How can I argue that $\lim_{x \to 0} x^2 \cos\left(\frac{1}{x^2}\right) = 0$
I understand I have to use a squeeze theorem and that one piece goes to zero but I'm not sure how to tackle this problem to show on a test.
How can I argue that $\lim_{x \to 0} x^2 \cos\left(\frac{1}{x^2}\right) = 0$
I understand I have to use a squeeze theorem and that one piece goes to zero but I'm not sure how to tackle this problem to show on a test.
Use $-1 \le \cos(\frac{1}{x^2}) \le 1$ and multiply through by $x^2$. Since $x^2 \ge 0$, the inequalities remain valid.

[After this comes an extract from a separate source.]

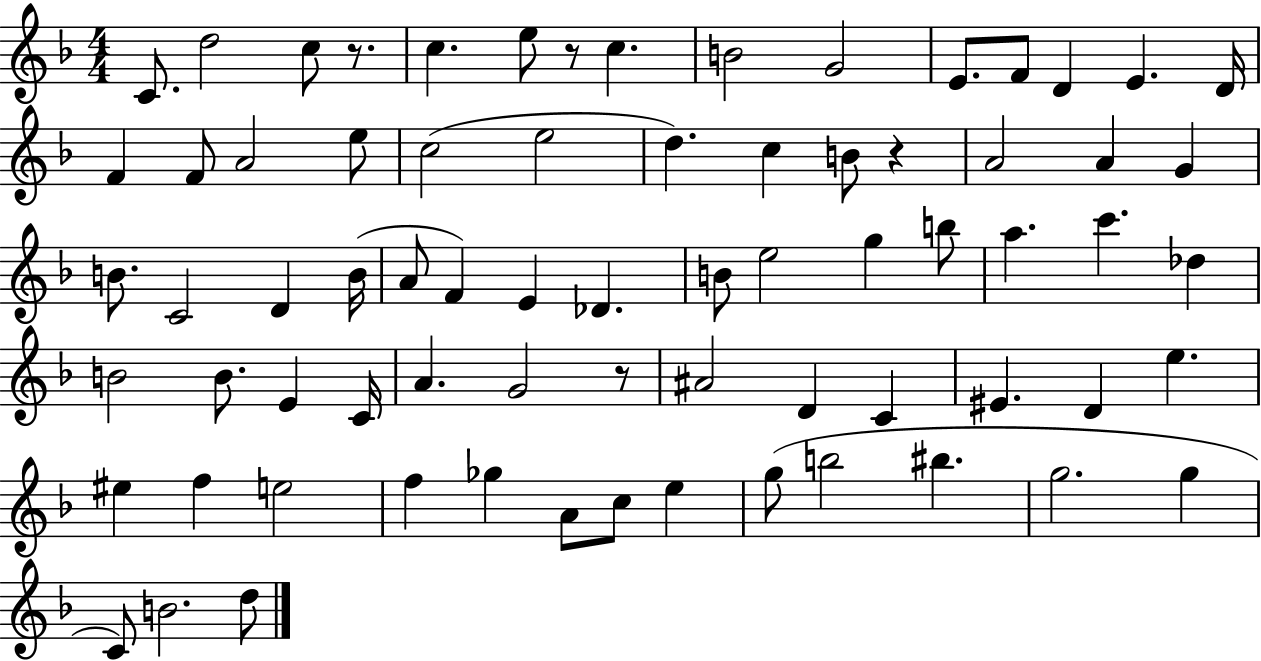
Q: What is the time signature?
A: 4/4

We have that $-1 \leq \cos (1/x^2) \leq 1$ for any $x$. So $-x^2 \leq x^2\cos(1/x^2) \leq x^2$. Therefore $ \lim_{x \to 0} -x^2 \leq \lim_{x \to 0} x^2\cos(1/x^2) \leq \lim_{x \to 0} x^2. $ But we have that $ \lim_{x \to 0} x^2 = 0 $ and $ \lim_{x \to 0} -x^2 = 0. $
So $ 0 \leq \lim_{x \to 0} x^2\cos(1/x^2) \leq 0 $ and therefore by the squeeze theorem, $ \lim_{x \to 0} x^2\cos(1/x^2) = 0. $